“Bando faz arrastão em edifício nos Jardins
Moradores de um prédio no Jardim Paulista, bairro nobre da zona oeste de São Paulo, ficaram uma hora sob a mira de pistolas e fuzis ontem de manhã, no sexto arrastão a condomínios do ano na cidade (…)
Uma vítima disse à Folha que teve levadas joias avaliadas em R$ 1,5 milhão. Segundo a polícia, porém, as vítimas só registraram a perda de pertences, sem citar valor exato.
‘Às vezes, a joia tem um valor sentimental maior do que o comercial. Vamos apurar quanto foi levado’, disse o delegado Mauro Fachini.”
Uma nota de R$10 vale sempre R$10. Seja para o pobre ou para o rico. O mesmo para um litro de leite ou um carro. É assim para quase todos os bens: conseguimos aferir com alguma precisão seu valor de mercado.
Mas o delegado na matéria acima faz um comentário interessante: às vezes o valor de um bem para uma pessoa é maior do que para outra. A aliança de casamento é muito mais valiosa para os cônjuges do que o metal contido nela (aliás, é por isso que ela é impenhorável). A foto de um ente querido também. E assim para vários outros bens que deixam marcas emocionais em nós.
Mas esse valor emocional não é quantificável.
Quando o criminoso destrói ou subtrai esses bens, o crime não muda. O furto de R$10 mil do cofre do banco, da aliança de casamento de duas pessoas que estão juntas há 70 anos, ou da carteira do pedestre na rua são todos classificados como o mesmo crime pela nossa legislação: furto. E as penas mínima e máxima possíveis são as mesmas.
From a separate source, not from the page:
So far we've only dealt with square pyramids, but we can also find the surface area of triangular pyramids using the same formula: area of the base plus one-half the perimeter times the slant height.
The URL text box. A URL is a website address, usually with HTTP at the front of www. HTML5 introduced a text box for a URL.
Mas isso não quer dizer que a lei seja totalmente cega à realidade dos fatos. Quando o magistrado aplica a pena ao condenado, ele leva em conta não só a conduta do agente, mas também as consequências do crime. E se o bem tinha um valor emocional enorme para a vítima e foi perdido para sempre ou foi irremediavelmente danificado, o juiz vai aplicar uma pena maior do que se o bem é facilmente substituível.
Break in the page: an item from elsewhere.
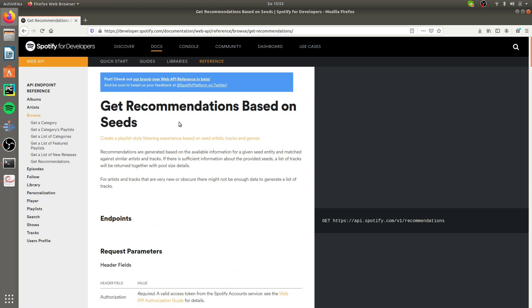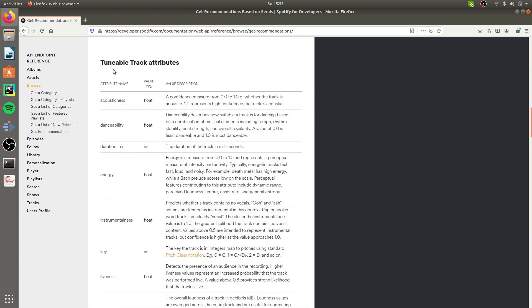The idea behind content-based recommendation is that you extract some information directly from the content itself — in this case songs — and use that information to recommend other content. Looking at the Spotify for Developers documentation for the recommendations endpoint, there are tunable track attributes that define a track. Some parameters look at acoustic features, for example acousticness, which tells us how acoustic a track is on a range of zero to one, and energy, which tells us how much energy a track has.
Mas esse não é necessariamente o caso da matéria acima. O grande valor emocional de um bem não quer dizer que seu valor de mercado aumente. O fato de um colar ter sido de sua avó não quer dizer que um potencial comprador pagará muito mais por ele (exceto se sua avó era uma pessoa muito importante. Mas ainda aí ele não pagará pelo valor emocional, mas pelo valor de mercado: é uma relíquia de colecionador).
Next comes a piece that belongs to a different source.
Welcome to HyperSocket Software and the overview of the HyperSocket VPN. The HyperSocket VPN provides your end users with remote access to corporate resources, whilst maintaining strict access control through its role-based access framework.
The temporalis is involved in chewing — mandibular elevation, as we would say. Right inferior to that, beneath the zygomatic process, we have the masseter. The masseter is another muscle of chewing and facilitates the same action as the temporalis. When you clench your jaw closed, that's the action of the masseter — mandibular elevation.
O que acontece muitas vezes é que tais bens não são declarados no imposto de renda. São adquiridos com recursos gerado na economia informal e mantidos sem nunca aparecerem na economia formal. A Receita não fica sabendo de onde veio o dinheiro, que o bem existe, ou quando ele é vendido.
Embora possa parecer uma boa ideia para evitar pagar impostos, isso pode gerar dores de cabeças ao dono. Primeiro, porque é muito mais difícil fazer o seguro de bens que circulam na economia informal porque eles normalmente não têm nota fiscal. Como é que a seguradora poderá saber o real valor do bem assegurado? É um risco muito maior para a seguradora, e seguradoras não gostam de riscos.
Segundo, como provar a propriedade sobre aquilo que não existe oficialmente? O objeto pode até ser recuperado pela polícia, mas é muito mais difícil para a vítima provar que ela é a dona do objeto recuperado (a polícia – ao menos a boa polícia – não entrega objetos apreendidos ao primeiro que aparece dizendo ser o dono, especialmente quando esses objetos são apreendidos muito tempo depois do crime).
E quando eles são furtados, roubados etc, é muito mais constrangedor para o proprietário informar à polícia. Afinal, a vítima não vai querer ver em um documento público a informação de que mantinha uma propriedade de enorme valor adquirida na economia informal. E, se informar e essa informação chegar à Receita, a Receita pode investigar a vítima. A pessoa agora tem dois problemas: perdeu seu bem e ainda é alvo de uma investigação.
PS: Óbvio que outra possibilidade de um caso como o acima é que a vítima adquiriu o bem na economia formal, tem como comprovar a propriedade, mas não quer ver seu nome e endereço em um documento público dizendo que ela é rica. Afinal, quem garante que ela não será vítima novamente?